WHAT TO PRODUCE: Please make an exact transcription of all the data that follows.
*** Opening of GIVEN INFORMATION ***
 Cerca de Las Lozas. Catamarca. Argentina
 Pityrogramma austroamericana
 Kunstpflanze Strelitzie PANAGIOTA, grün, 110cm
*** Close of GIVEN INFORMATION ***
SOLUTION:
 Cerca de Las Lozas. Catamarca. Argentina
 Pityrogramma austroamericana
 Kunstpflanze Strelitzie PANAGIOTA, grün, 110cm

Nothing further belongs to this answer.